The BBQ grade ones I use regularly are CookShack and you will be able to find the sole UK distributor for these through Google. They come in 20 lb bags and they do a great job. I mostly use the Oak and the Hickory chips and they give a reliable good clean tasting smoke.


----------



## smokin monkey (Nov 19, 2013)

Hi Danny, can you please send me your recommendations, All recommendation  from all members appreciated.

Steve


----------



## kc5tpy (Nov 19, 2013)

Hello Steve.  I will send you my link and a link to the place Wade recommended.  Thanks for that Wade.  Added to my favourites.  Now we are cooking with gas!  Sharing info.  Keep 'em coming.

Danny


----------



## markuk (Nov 21, 2013)

We came accross pellets in Germany on our last visit there (see 1st photo of my friend Dave "smoking" on one)  and large lumps around half the size of a coke Can (2nd pic) and pressed  which were made from the left overs of wine production  - however the company at the time could not release them for sale for home use as they need a Licence and there are so many enviromental rules in Germany ( the Pub Landlord is right !)

Think they'd be really interesting to cook with ....













P1090984.JPG



__ markuk
__ Nov 21, 2013


















P1090985.JPG



__ markuk
__ Nov 21, 2013


----------



## wade (Nov 21, 2013)

Hi Mark

Wow they are quite a size... For burning like small chunks of wood with the charcoal they would probably be fine but for use in a AMNPS style cold smoke generator or in a hopper feed hot smoke generator I think they could be a bit of a challenge!


----------



## knockmoreben (Nov 21, 2013)

thanks guys for the response. im constantly on the look out for simpler solution. ive even planed and sanded solid oak for dust.

those coke can sized pellets have given me an idea mark..watch this space!!


----------



## markuk (Nov 21, 2013)

Note they are about HALF the size of coke cans :-)


----------



## smokin monkey (Nov 21, 2013)

Be interested to see what knockmoreben comes up with!


----------



## kc5tpy (Nov 21, 2013)

Just what I love to see.  Folks who tinker.  I know most/all of you have designed/built smokers or at least modified your smoker.  I have always said "if I can see how it's made...".  C'Mon Wade; a little bilateral thinking is needed here.  Just bang around on that hopper a little with a large enough hammer and I'll bet those chunks would fall right into place.  
	

	
	
		
		



		
		
	


	





    Interesting stuff.  Thanks for posting Mark.  We need a distributor in the U.K..  Ben; you have me intrigued to see what your idea is.  
	

	
	
		
		



		
		
	


	





   I'm in.  Have fun.  Keep Smokin!

Danny


----------



## markuk (Nov 22, 2013)

We were shown the "factory" as part of an Enviromental Day on our exchange trip.....   we were a bit puzzled how it was all financed but think it was partly from the Wine Production trade which is HUGE in the region we go as a way of using up all the old bits of grapes that gets thrown away - possibly there's some EEU money too....

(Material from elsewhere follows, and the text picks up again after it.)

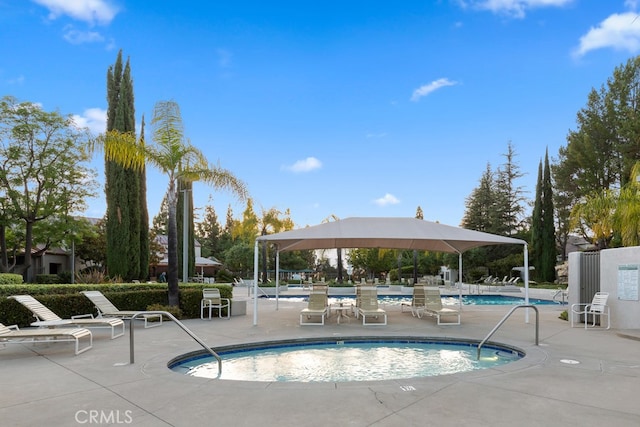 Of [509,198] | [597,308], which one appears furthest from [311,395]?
[509,198]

It just amazed me that they couldn't sell them for home use atm - I basically said what harm can they do and there was just some shoulder shrugging..... got a feeling they might me exporting them to other countriies for use in small power stations but it was a bit of a mystery.

Ben - they were made under VERY high presuure with big machines to squeeze the juice out and compact them so good luck


----------



## wade (Nov 22, 2013)

KC5TPY said:


> Just what I love to see.  Folks who tinker.  I know most/all of you have designed/built smokers or at least modified your smoker.  I have always said "if I can see how it's made...".  C'Mon Wade; a little bilateral thinking is needed here.  Just bang around on that hopper a little with a large enough hammer and I'll bet those chunks would fall right into place.
> 
> 
> 
> ...


Bah! Humbug! It will never work - I just know it wont. They don't call me "Mr Optimistic" for nothing! 
	

	
	
		
		



		
		
	


	





LOL


----------



## baz senior (Nov 23, 2013)

Hi Mark, I have to ask, what are the pellets made from?
Are they destined for food grade smoking,or are they pellets for domestic and industrial boilers?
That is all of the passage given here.